So… where was I? Oh yes, still in Cape Verde. The last island I visited was Fogo, and it has left a lasting impression on me. As mentioned in the previous blog, we would be dropped off in Fogo in the early morning with half of the passengers, whilst the other half visited Brava. The ship then returned late afternoon to collect us. As with the other volcanic islands, we embarked our minivans and headed up the cobbled roads through lust vegetation. As we ascended the island, the volcanic formation of the island became more noticeable. Dr Chris Edwards was again in his element as he explained what we were standing on whenever there was a break in the journey. Seeing this photo from one of our stops has made me laugh out loud…



 A young souvenir seller in Fogo       


Understandably, the local souvenir sellers knew where we would be pausing in order to enjoy the views, and they had a faster vehicle than we did. As a result, they would be ready prior to our arrival. At one of the stops, we were looking out on the round huts built from volcanic stone that we were occasionally passing. The locals had made models of these to sell. Whilst all the adult vendors were showing their wares to our passengers, the lad shown in the photo just stood there with his arm outstretched and one model hanging from his hand. One of passengers sweetly tried to engage him in conversation, even using some Portuguese, but he just stood there and his expression never altered. Eventually, the lady motioned that she would buy his solitary model and he moved his other arm to collect the money. Those of us watching thought that would be his job done for the day, but with perfect comedy timing, as soon as the purchaser turned away, he brought out another model that he had been hiding on the inside of the crash barrier and continue his unique selling technique. A true Del Boy in the making!
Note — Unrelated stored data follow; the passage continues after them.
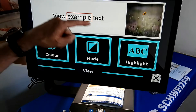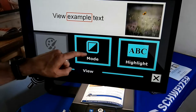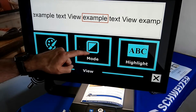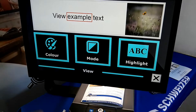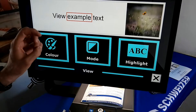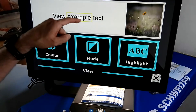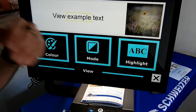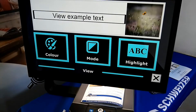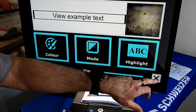The mode allows us to change the setup — Page, Column, or Line. You can also toggle high contrast on, and set different highlight styles such as highlight box yellow or highlight line, depending on the individual's preference. X always brings you out of that menu.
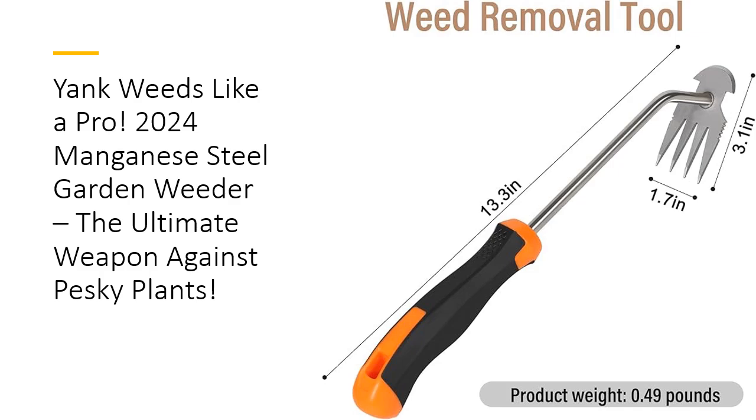The sharp, 4-tooth prongs dig deep into the soil, ensuring you pull out weeds at the root, not just at the surface. This means fewer weeds, less time spent weeding, and more time enjoying your beautiful, weed-free garden.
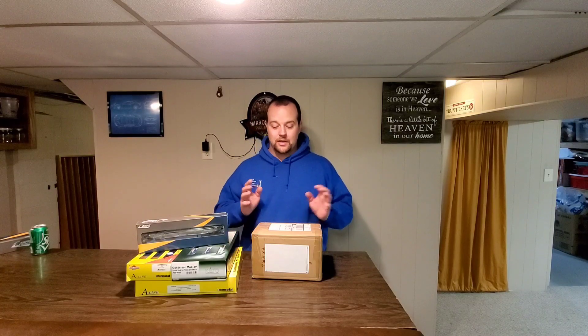Hey and welcome back to Shawn's Trains. Today we're going to unbox some new containers. I just picked these up, and I only use Walthers containers. My upcoming video is going to be a massive review called Well Car Wars.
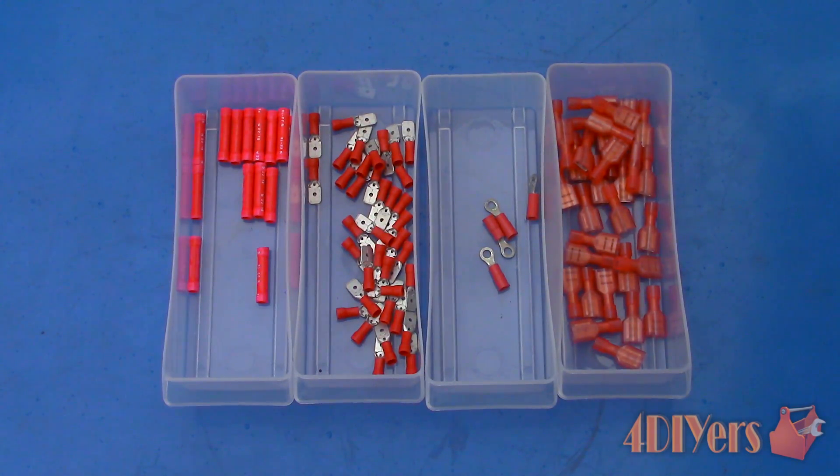Both liquid electrical tape and self-fusing tape can be applied to crimp connections as well. Here are a variety of crimp connections but not limited to what you see here. Liquid electrical tape can be applied to butt connectors, male and female spade connectors — whether connected together, fitted on a stationary connection, or screwed on connections. Self-fusing silicone tape can be applied to other various connections as well, but not on the stationary side.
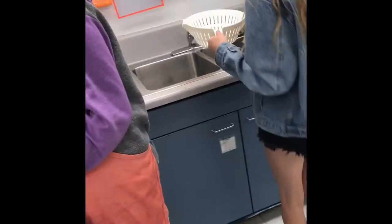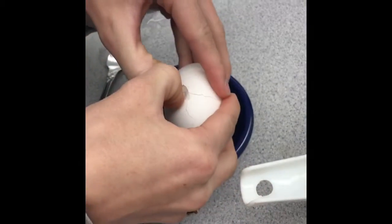For a medium cooked egg, remove it after about 6 minutes. The whites will be fully set and the yolks will be hot and thick.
One of the round huts made from volcanic rock that had been modelled    


We continued into Fogo Natural Park, and I realised that we were now inside the caldera of the volcano. The volcano had only erupted a year before, on 24th November 2014, and some of the Expedition Team had been to Fogo prior to that most recent eruption, and were very excited to be able to return. (The date on the photos I am showing here is 2nd October 2015). You could clearly see the black twisted lava deposits as we were very carefully driven around the edge of the lava field to be able to witness geology at its most raw. Eventually, after much delicate negotiation of roads that no longer existed, we looked out on a painful sight… the village of Chã das Caldeiras. It might seem crazy to have a village built inside a caldera, but when you consider that ships sail into Santorini without concern, perhaps it is not so crazy after all. 1,200 people lived in the village, but the eruption destroyed over 90% of the 220 houses that comprised the settlement. From our vantage point, you could see the rooftops of the buildings amidst the lava field.



The remains of part of Chã das Caldeiras, with the rooftops visible in the distance 


However, not to take such natural disasters lying down, the locals had already begun to fight back. Due to the volcanic soil, the village was the only place in Cape Verde that grew significant quantities of grapes and produced export-quality wine. The Agricultural Collective within the village had already responded and, with overseas assistance, a new restaurant had been built on top of the now stable lava field. Yesterday, I renewed my house insurance, and I always have difficulty doing so because the Royal Military Canal is about 60 yards from my back garden. I can only imagine the reaction of insurance companies if someone was to ring and mention that their building was inside a caldera and built on top of a lava field! We had a sumptuous lunch in the new facility, and were told about the Cape Verdean wines and enjoyed a few samples.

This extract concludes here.